The technology targets a variety of potential exposures and is often used by commercial real estate insureds to protect major assets.
“We focus on areas like data centers, utility rooms, and locations on the property that either have a higher risk of a leak or could have a more severe impact if a leak were to occur,” said Camryn Santos, director of strategy and IoT innovation at The Hartford.
“These devices are providing leak detection and temperature and humidity monitoring for things like freezing pipes or mold exposures. So, it really gives us an opportunity to hit at multiple perils.”
Additionally, risk managers can work with their carriers to implement sensor technologies that are suited for their particular type of building.
“We’re trying to get a little bit more consultative in figuring out the vulnerabilities of certain properties based on age, number of stories or the year it was built,” Santos said.
“There’s indicators that we can hone in on to say, ‘Okay, as a result of X, Y and Z, these are the types of preventative solutions that we’re recommending.’ And it changes sometimes based on the profile of the property.”
Once installed, these sensors alert risk managers of any potential incursion issues in real time, allowing them to take actions like shutting off water valves and calling in repair specialists immediately.
As with any tool, sensor technologies are only as good as the people using it. If sensors aren’t placed properly or if risk managers or facilities staff ignore the alerts, claims could still occur.
“We can always install technology, but if there’s no customer response to things like alerts or if the devices are not strategically placed around the property, we may still not get all the way there in protecting the property the way that it could be with the technology,” Santos said.
“If the alert goes off and it just goes off all weekend and nobody responds to it, we are still left with a loss — probably a large one.”

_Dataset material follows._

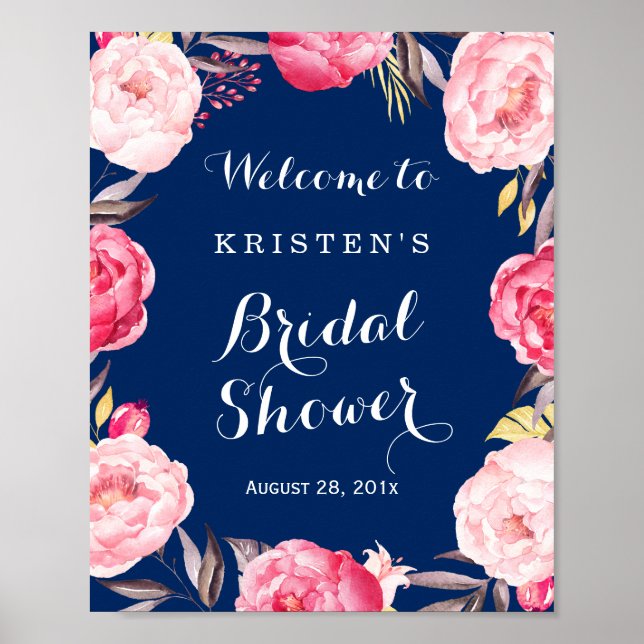 Bridal Shower Sign Modern Navy Blue Floral Wreath (Front)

Commercial real estate owners and managers should establish a team, provide training, and have the team prepared to respond to a real time water sensor alert in a timely manner. Response time will play an important role in mitigating the water damage event.
“It really is about a formal implementation of what we would call a water damage prevention program,” Sullivan explained.

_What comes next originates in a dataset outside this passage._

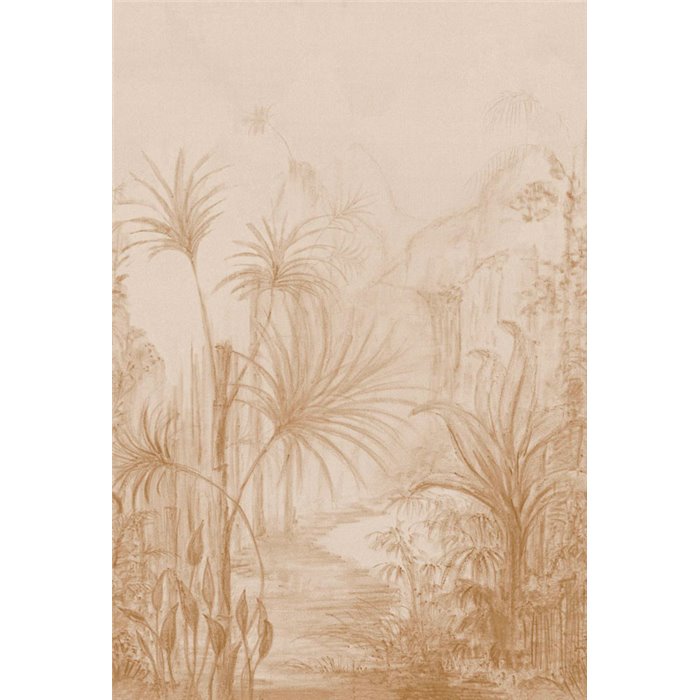 Mural pared boceto al carboncillo paisaje tropical con palmeral beige - Casamance Panoramas 3 76411528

“That’s having a core team that is trained, that conducts a facility vulnerability risk assessment, that understands the potential sources of water intrusion, that knows where the shutoff valves are, that performs annual site inspections, that has mitigation efforts, has signed up restoration contractors and remediation contractors and does some type of annual check-in as they either acquire or sell properties,” he continued.
In addition to preventing claims, sensor technologies can help insureds appear more attractive to underwriters — a must given how tough the property market has been in recent years.
“We’re seeing progress over the past two years around risk mitigation and being more proactive in trying to address the issue, versus just absorbing rate increases year after year,” Sullivan said.
Sullivan and Santos relayed that The Hartford has spent years studying the effectiveness of sensor technologies, and it has found that they can be a key tool for mitigating claims.
That’s why The Hartford has started offering the program to many classes of insureds as part of the renewal process.
“The Hartford is totally bought in on water damage prevention devices, we believe the impact the technology can have in mitigating water losses is material and mutually beneficial for us and our insureds,” Santos said.
“The question is, how do you effectively deploy them, and how do you drive adoption and get people to feel comfortable with what you’re offering?”
By preventing claims from escalating, these technologies are becoming a key tool in a risk manager’s toolbox. Underwriters appreciate proactive risk management solutions and, over time, implementing preventative technologies like water sensors can reduce an insured’s premium.